Dataset section:
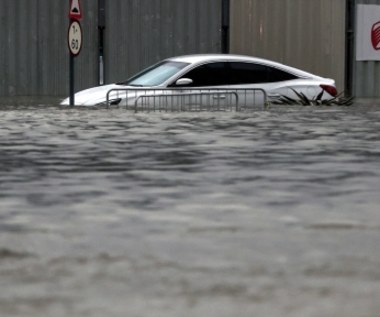 Dubaj pod wodą. Lotnisko zamieniło się w morze [FILMY]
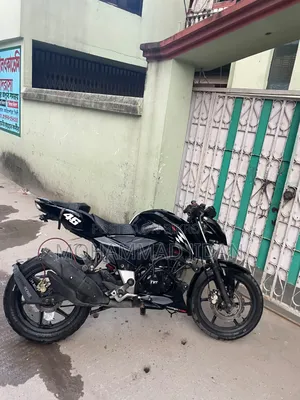 TVS Apache RTR 160 4V 2022 Black
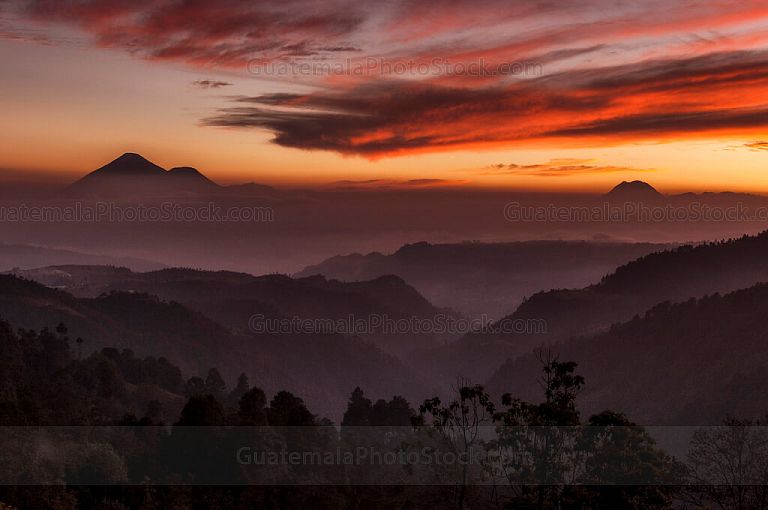 Paisaje de Sololá al atardecer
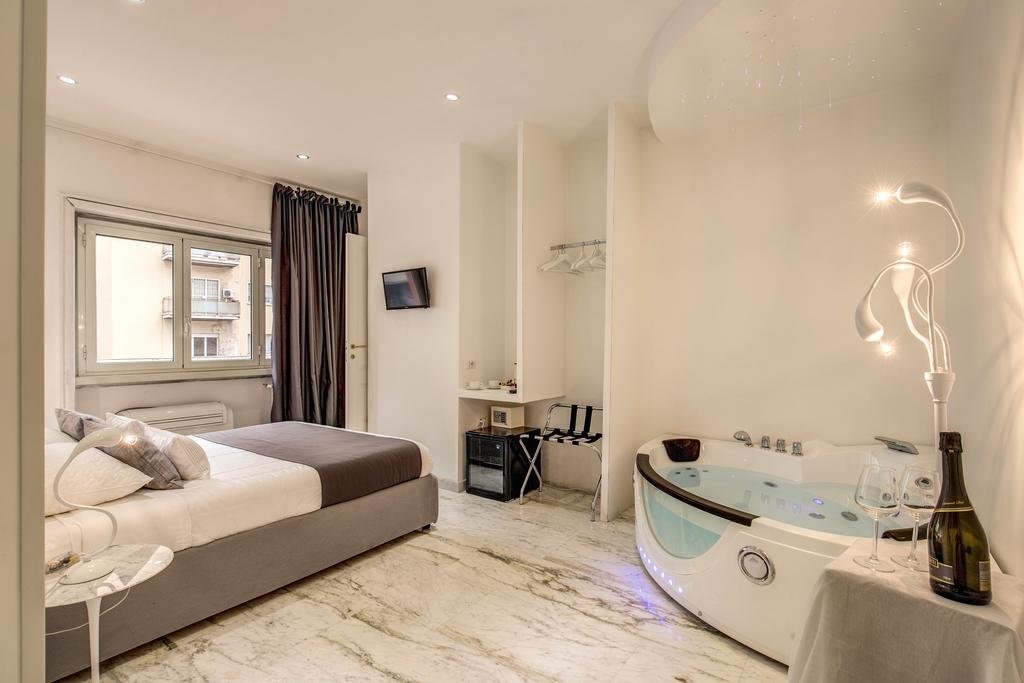 Фото Chain Vatican Suites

Problem description:
For this exercise, write out the listing verbatim and leave every image out.

Task solution:
 Dubaj pod wodą. Lotnisko zamieniło się w morze [FILMY]
 TVS Apache RTR 160 4V 2022 Black
 Paisaje de Sololá al atardecer
 Фото Chain Vatican Suites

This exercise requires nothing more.